Elsevier

Pattern Recognition

Volume 82, October 2018, Pages 118-129
Pattern Recognition

Improved spatial pyramid matching for scene recognition

https://doi.org/10.1016/j.patcog.2018.04.025Get rights and content

Highlights

  • A new spatial partition scheme combined with modified pyramid matching kernel based on spatial pyramid matching is proposed.

  • Our modified spatial pyramid matching is proved to be superior to conventional spatial pyramid matching.

  • We also propose a method of learning mid-level features using various autoencoders.

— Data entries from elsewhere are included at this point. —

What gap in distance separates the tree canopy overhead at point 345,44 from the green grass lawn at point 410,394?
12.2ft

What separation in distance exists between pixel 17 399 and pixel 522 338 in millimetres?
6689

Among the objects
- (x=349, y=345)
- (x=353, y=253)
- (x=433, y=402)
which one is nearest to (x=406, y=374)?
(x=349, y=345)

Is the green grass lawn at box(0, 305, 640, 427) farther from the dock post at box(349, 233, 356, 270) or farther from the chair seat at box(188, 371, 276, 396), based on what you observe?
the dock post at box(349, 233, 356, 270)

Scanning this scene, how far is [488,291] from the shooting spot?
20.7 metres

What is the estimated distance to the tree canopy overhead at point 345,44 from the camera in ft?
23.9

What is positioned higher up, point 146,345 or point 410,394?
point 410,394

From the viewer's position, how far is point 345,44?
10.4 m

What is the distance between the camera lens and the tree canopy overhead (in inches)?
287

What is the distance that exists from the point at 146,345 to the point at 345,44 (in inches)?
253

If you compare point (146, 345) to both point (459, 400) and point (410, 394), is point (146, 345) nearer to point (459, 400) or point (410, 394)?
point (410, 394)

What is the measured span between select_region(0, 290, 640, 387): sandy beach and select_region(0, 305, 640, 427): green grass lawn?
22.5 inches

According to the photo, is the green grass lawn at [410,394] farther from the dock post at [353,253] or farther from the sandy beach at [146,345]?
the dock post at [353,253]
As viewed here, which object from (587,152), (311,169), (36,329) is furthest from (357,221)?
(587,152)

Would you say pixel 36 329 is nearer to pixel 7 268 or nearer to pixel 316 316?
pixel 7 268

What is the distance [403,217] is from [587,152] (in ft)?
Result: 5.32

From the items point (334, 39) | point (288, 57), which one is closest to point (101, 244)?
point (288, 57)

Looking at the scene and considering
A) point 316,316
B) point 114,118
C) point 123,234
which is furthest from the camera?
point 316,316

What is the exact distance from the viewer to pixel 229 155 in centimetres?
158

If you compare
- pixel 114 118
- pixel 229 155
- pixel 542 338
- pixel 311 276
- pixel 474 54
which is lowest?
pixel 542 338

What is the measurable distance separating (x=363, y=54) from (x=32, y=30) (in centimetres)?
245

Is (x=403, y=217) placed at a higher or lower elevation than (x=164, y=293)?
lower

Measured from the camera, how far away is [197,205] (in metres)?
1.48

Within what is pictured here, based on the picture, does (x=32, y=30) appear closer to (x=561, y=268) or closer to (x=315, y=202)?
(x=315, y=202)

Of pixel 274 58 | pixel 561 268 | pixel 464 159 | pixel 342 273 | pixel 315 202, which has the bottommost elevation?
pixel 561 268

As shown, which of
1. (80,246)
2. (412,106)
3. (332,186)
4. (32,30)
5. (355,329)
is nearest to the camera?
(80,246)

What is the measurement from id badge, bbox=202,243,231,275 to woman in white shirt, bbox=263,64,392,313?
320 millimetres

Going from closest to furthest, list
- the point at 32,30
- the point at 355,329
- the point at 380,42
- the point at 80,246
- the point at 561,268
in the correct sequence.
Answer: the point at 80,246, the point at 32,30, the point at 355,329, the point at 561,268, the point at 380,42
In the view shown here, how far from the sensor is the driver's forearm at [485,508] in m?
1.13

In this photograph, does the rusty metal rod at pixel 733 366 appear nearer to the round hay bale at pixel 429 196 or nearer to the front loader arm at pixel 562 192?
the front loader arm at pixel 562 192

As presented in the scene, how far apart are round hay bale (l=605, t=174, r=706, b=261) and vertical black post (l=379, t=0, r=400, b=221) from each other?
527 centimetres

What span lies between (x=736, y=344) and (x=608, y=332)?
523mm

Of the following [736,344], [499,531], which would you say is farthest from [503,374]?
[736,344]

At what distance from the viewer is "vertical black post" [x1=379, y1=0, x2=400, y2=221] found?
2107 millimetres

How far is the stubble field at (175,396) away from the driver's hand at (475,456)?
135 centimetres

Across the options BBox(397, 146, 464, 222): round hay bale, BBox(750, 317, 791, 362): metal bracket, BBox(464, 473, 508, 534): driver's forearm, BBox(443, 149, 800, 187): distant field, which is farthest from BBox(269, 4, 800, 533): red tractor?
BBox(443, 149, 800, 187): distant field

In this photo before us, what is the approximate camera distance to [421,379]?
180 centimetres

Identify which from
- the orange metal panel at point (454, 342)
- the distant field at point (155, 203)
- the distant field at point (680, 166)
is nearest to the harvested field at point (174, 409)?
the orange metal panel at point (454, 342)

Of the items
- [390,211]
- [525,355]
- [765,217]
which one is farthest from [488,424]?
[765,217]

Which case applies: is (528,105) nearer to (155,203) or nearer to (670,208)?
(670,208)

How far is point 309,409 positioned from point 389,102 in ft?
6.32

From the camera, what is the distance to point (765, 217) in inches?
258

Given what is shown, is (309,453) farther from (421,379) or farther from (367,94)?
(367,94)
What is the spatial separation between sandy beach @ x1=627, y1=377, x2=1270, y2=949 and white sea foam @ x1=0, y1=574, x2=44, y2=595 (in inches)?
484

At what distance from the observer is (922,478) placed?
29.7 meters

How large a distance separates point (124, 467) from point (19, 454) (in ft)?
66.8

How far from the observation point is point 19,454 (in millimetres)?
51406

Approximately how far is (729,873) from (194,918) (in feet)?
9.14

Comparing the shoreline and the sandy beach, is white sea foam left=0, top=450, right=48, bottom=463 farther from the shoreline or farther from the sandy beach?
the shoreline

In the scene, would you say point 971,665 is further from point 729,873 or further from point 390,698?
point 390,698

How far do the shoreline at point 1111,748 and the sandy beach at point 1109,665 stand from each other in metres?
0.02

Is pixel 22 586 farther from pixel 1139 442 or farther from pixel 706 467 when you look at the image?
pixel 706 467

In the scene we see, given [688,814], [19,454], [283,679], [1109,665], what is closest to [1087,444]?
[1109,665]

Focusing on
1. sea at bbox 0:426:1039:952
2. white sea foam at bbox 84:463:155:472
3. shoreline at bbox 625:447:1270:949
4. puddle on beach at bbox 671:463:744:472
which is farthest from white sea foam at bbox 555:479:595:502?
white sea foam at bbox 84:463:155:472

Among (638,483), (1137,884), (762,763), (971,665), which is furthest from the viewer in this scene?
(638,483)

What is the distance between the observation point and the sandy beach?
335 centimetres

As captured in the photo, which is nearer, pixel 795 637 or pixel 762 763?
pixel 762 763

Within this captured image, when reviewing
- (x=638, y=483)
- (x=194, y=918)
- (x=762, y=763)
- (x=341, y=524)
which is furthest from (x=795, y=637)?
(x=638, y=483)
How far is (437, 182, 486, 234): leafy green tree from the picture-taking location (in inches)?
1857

  • Local visual descriptors are encoded into different mid-level features with sparsity, robustness and contractiveness respectively.

Abstract

A scene image is typically composed of successive background contexts and objects with regular shapes. To acquire such spatial information, we propose a new type of spatial partitioning scheme and a modified pyramid matching kernel based on spatial pyramid matching (SPM). A dense histogram of oriented gradients (HOG) is used as a low-level visual descriptor. Furthermore, inspired by the expressive coding ability of autoencoders, we also propose another approach that encodes local descriptors into mid-level features using various autoencoders. The learned mid-level features are encouraged to be sparse, robust and contractive. Then, modified spatial pyramid pooling and local normalization of the mid-level features facilitate the generation of high-level image signatures for scene classification. Comprehensive experimental results on publicly available scene datasets demonstrate the effectiveness of our methods.

Introduction

As one of the most challenging problems in the field of computer vision, scene recognition has received considerable attention due to the rapid development of intelligent machines. The approach of placing low-level descriptors (e.g., colour histogram, Local Binary Pattern, and Scale-Invariant Feature Transform) into a classifier directly has been shown to perform poorly [1] because scene images often contain many objects of interest under various backgrounds. Moreover, low-level descriptors are mainly dependent on edges or corner points, and they cannot provide adequate semantic information for scene recognition. Therefore, many researchers have focused on identifying the intermediate semantic representations to narrow the gap between computers and humans with respect to understanding scenes.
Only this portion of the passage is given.